Yunanistan'ın Delfi kentinde dinleyici olarak katıldığım bir felsefe toplantısının
ardından 7 Haziran 1992'de defterime şunları yazmışım: "Felsefeci
dünyada kıçıyla oturduğunu unutmasaydı, daha anlamlı, daha önemli şeyler
söyleyebilirdi."
Kundera beden güzelliğindeki "kıç deliğinin" yerini keşfediyor!
Avrupalı, ortaçağda unutmaya çalıştığı bedenini, 18.yüzyılda göklere çıkardı.
Haz kazanında kaynattı. Hâlâ, çaresiz , kıç deliğinden mânevî kurtuluşunu
arıyor! Julie beyazdır. Beyazlık kıçıyla anlam kazanmaktadır. Tin (mâneviyat)
tende duruyor. Tini tenden ayıran Batılı düşünce, şimdi kıç deliğine kaçırdığı
tini yakalamaya çalışmaktadır.
Felsefeci bedenini unutup düşündü yüzlerce yıl. Sanırım çoğu memur felsefeci
aynı nisyân ile malûldûr. Beden düşüncenin, zihnin içinde idi. Descartes
amcamız kabul buyurmadı. Dışa attı bedeni. Geniş omuzlu Platon'un Eros'u
bedeni tanıyordu, hakikata yakıştıramıyordu belki. Beden ateşinin düşünceyi
tutuşturabileceğini yadsıyamıyordu yine de. Felsefecilerin bedenle ilişkileri
oldu elbette. Farâbî devlet yönetimini, ideal toplum düzenini ararken
bedenle örneklendirmelere girişiyordu. Kalple bedenin organları arasındaki
düzen ilgisini çekiyordu. Bir sıra düzeni içinde toplumun işleyişini bedenin
işleyişine benzetmeye çalışıyordu.Çağımızda fenomenoloji, Husserl, Merleau-
Ponty, Heidegger, Levinas, Sartre, Bataille gibi düşünür ve yazarların
elinde, Freud'un Lacan'ın ipuçlarıyla, bedene nüfuz etmeye çalıştı.
Bedenin boyutları var: Hemen erotizm, hemen pornografi akla gelmemeli.
Beden bir algılama ufku.

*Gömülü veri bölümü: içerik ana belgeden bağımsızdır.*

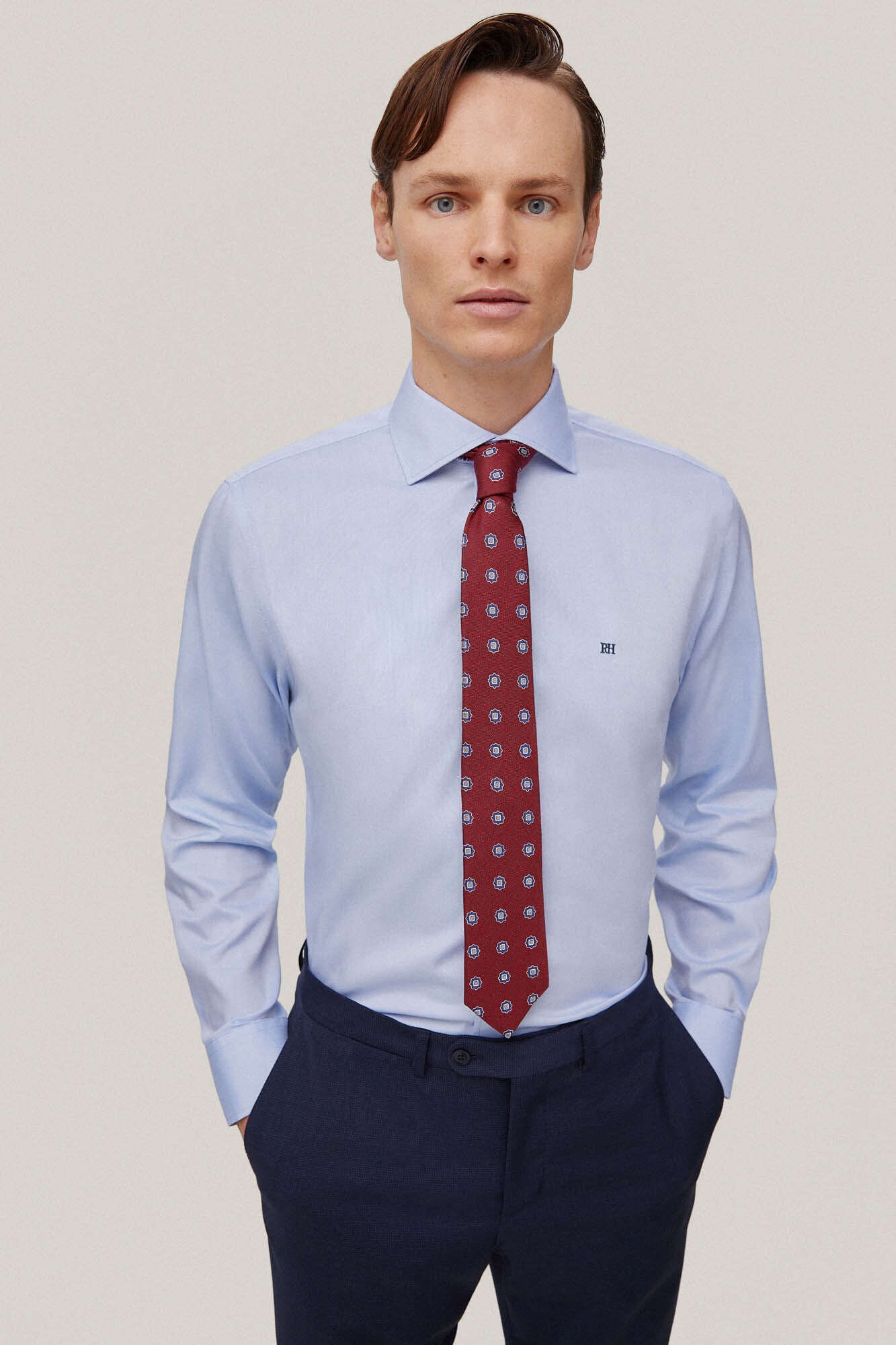 Camisa social lisa com detalhes em ponto ajour, não precisa passar e é resistente a manchas - Azul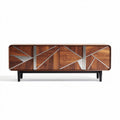 Houten tv-meubel met geometrische patronen en afmetingen 150 x 45 x 60cm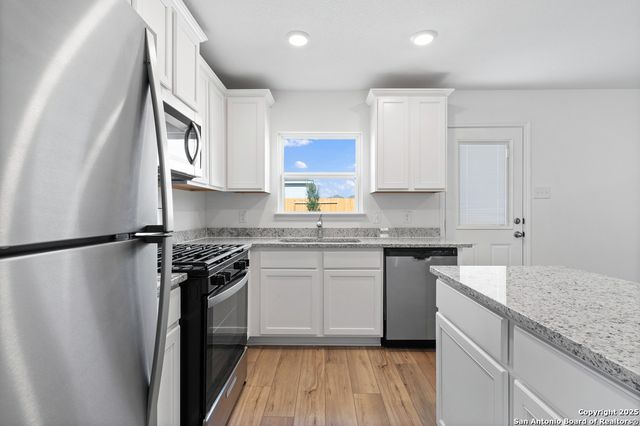 2910 Forsyth Canyon, San Antonio, TX 78109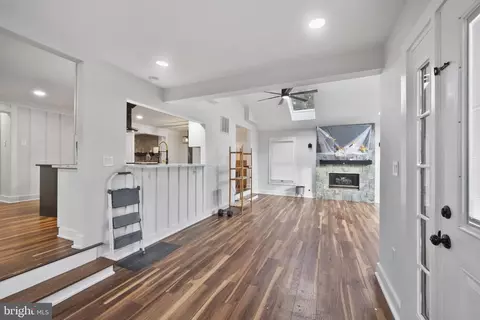 Entry Way - 220 E Colonial Hwy, Hamilton, VA 20158 photo 2 of 4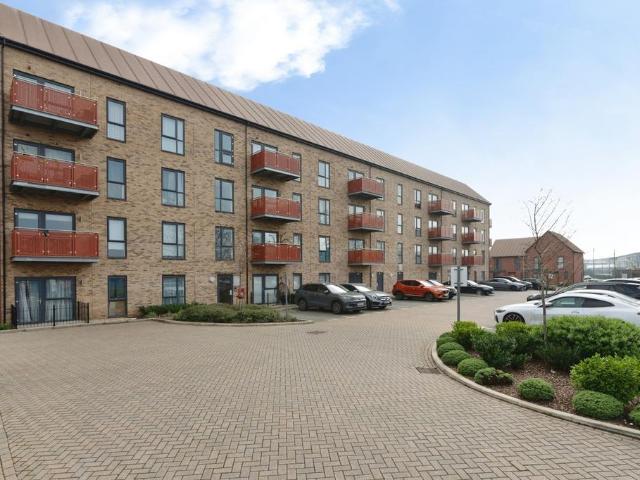 2 bedroom flat for sale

Onunla algılıyoruz. (Schopenhauer amcamla, Nietzsche
dayımın kulakları çınlasın. Hele Karacaoğlan'ın. Karacaoğlan hısmım olur:
Emmim oğlu!) Onun elektriği ile çarpıyor gerçek bizi.
Yüz. İnsan yüzü bizi ahlaka çağırıyor, sonsuzluğu içinde. Vincent önce
Julie'nin yüzünü görmüştür. Ondaki sonsuzluğu. Julie'yi tüketemeyeceğini
görmüştür. Onu ezemeyeceğini, damgalayamayacağını. Şiddet uygulayamayacağını.
(Romanda sevişemez onunla!) Burada Kundera'yı çarpan, yüzdeki sonsuzluğun
insanı kıç deliğine götürebilmesi gerçeğidir. Doğrusu, Vincent'in düşünceleriyle
düşünen Kundera'nın bu keşiften duyduğu heyecanı anlamakta zorlanıyorum.
Julie'nin yüzünde kıçı, kıç deliği zâten vardır. Felsefece söylersek,
yüz "verildiğinde", kıç deliği de a priori olarak verilir. Biz
Türkler iyi biliriz bunu. Biliriz de saklarız hep. Utanırız söylemeye.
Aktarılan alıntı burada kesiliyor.